Nassau County’s 19 legislators voted unanimously on Nov. 19 to allocate funding to make up for a lost Federal Emergency Management Agency grant that provides college scholarships for volunteer firefighters and emergency medical services workers countywide.
The county’s Office of Emergency Management normally administers the FEMA funding, known as the Staffing for Adequate Fire and Emergency Re-sponse, or SAFER, grant. The SAFER program is intended to encourage recruitment of new fire volunteers.
Legislator Delia DeRiggi-Whitton, a Democrat from Glen Cove, co-sponsored the bill to restore the SAFER funding with Legislator Siela Bynoe, a Democrat from Westbury. DeRiggi-Whitton said she first heard that the funding had been lost from constituents.
According to Danny Schrafel, communications director for the Legislature’s Democratic caucus, the county has set aside $1.2 million for the tuition assistance program in 2018 and 2019.
At press time, it was not entirely clear why FEMA denied the funding. The reason, DeRiggi-Whitton said, was a lack of communication between federal and county officials.
The legislation states that it is “crucial that the county intervene to make up the deficit in the SAFER tuition assistance program” that resulted from FEMA’s denial.
The funding provides firefighters with scholarships good for one to 80 credits at Nassau Community College, provided that they have matriculated and maintain at least a 2.0 average, according to a 2016 OEM report. There are now 173 students in the program.
Brian Nolan, a former Locust Valley Fire Department chief, said he was pleased to hear that the county had voted to provide the SAFER funding. “It’s very hard, with the demands of work and school, for us to maintain recruits and members in the Fire Department,” Nolan said. “I’m for anything that will attract members. This could be a tool that will help us.”
“I know how hard it is for kids and families,” DeRiggi-Whitton said. “I realize how important it is for them to not worry about the funding.”
The legislation notes the value of volunteer firefighters and ambulance workers, and the sacrifices they make to ensure that their community is safe.
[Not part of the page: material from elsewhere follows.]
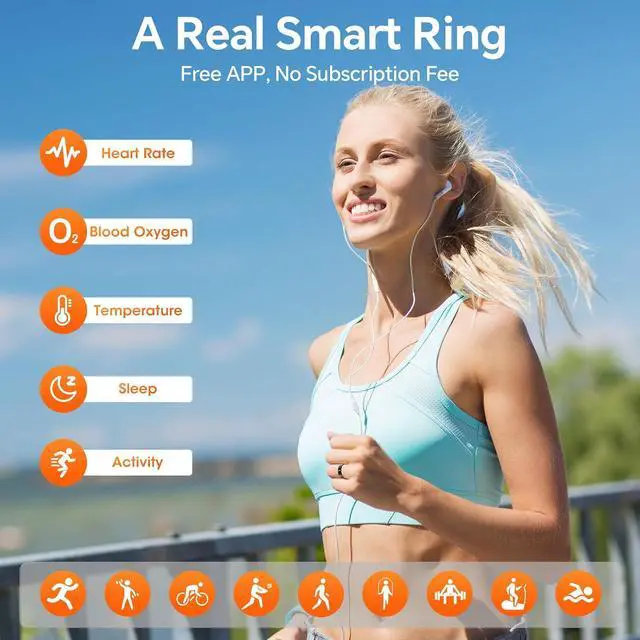 Alt view image 4 of 6 - 2025 Gesture Control Smart Ring for Men & Women, Free Subscription New Ultra-Thin Fitness Tracker, 24/7 Tracking of Activity Health, Sleep, Body Temperature, Android and iOS (Gold Size 12)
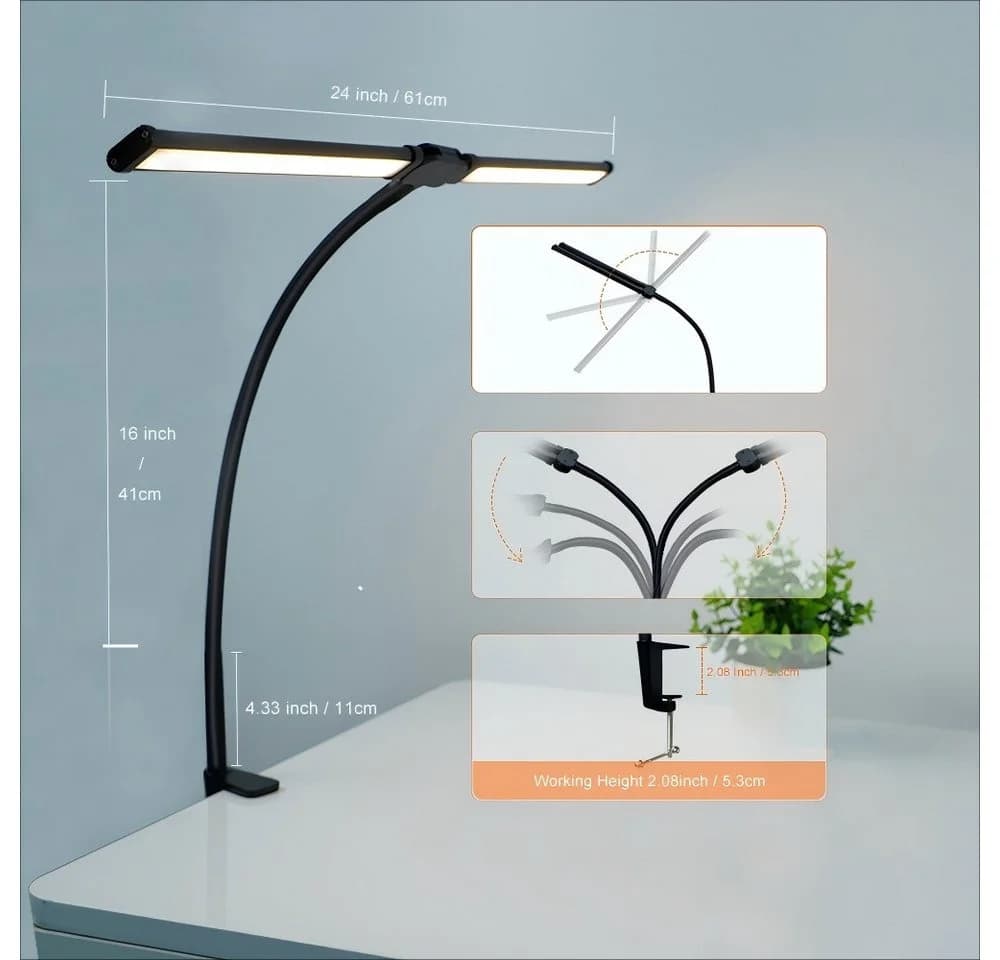 POPOLIC LED Schreibtischlampe Doppelkopf Dimmbar Augenschutz - Bild 3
Mary Grace Syrett, of East Norwich, is a lieutenant in the East Norwich Fire Department Juniors, which offers young people an opportunity to learn about firefighting and emergency services. She joined the juniors when she was in sixth grade. Now 16 and a junior at Oyster Bay High School, she is considering where to attend college. Syrett said she had heard about the SAFER program at the Fire Department.
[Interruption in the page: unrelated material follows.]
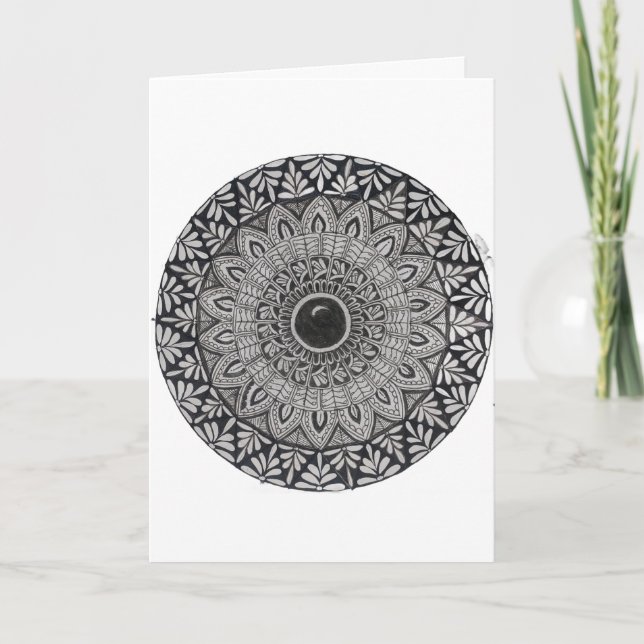 Ett monokromt mandala konst gratulationskort kort (Framsida)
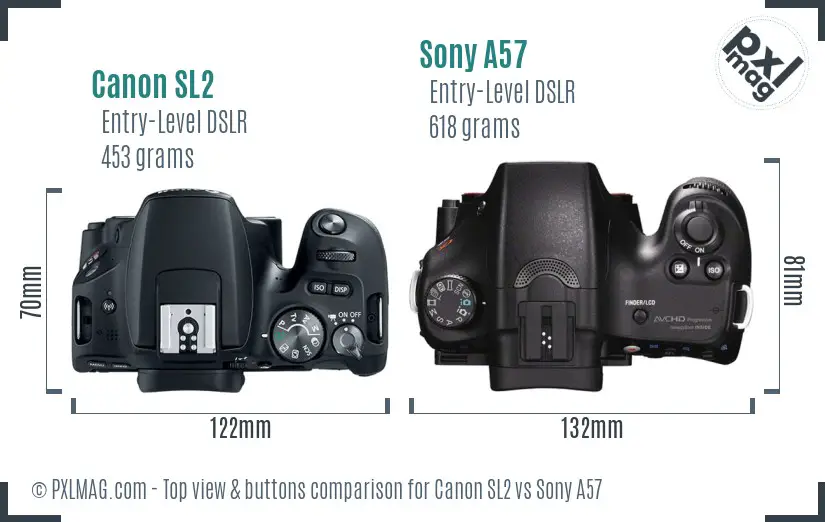 Canon SL2 vs Sony A57 top view buttons comparison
“I think it’s really good, because college is expensive,” she said, adding that she was considering attending NCC after high school. She would also like to be a volunteer EMT in the ENFD. “Between school, work and the fire service, it would be tough to do so, because being a part of the fire service is a big commitment,” Syrett said. “You have to go to all of the trainings and make a certain amount of calls a year.”
SAFER tuition assistance, she said, would help make it all possible.
Legislator Josh Lafazan, an independent from Woodbury and a former volunteer firefighter, was angry, he said, to learn that the FEMA SAFER grant had been lost. “To me, there are certain groups in our society who should be left alone from politics,” Lafazan said. “When the alarm goes off, a volunteer fireman doesn’t ask if it’s a Democrat or Republican household.”
Tuition assistance, he added, “is the least we can do to say thank you for their heroism on a daily basis.”
DeRiggi-Whitton said that ensuring SAFER assistance is in place for the county’s fire volunteers would alleviate some of the stress that they and their families live with. “It’s one less thing that everyone has to worry about,” she said. “It’s the responsible thing to do.”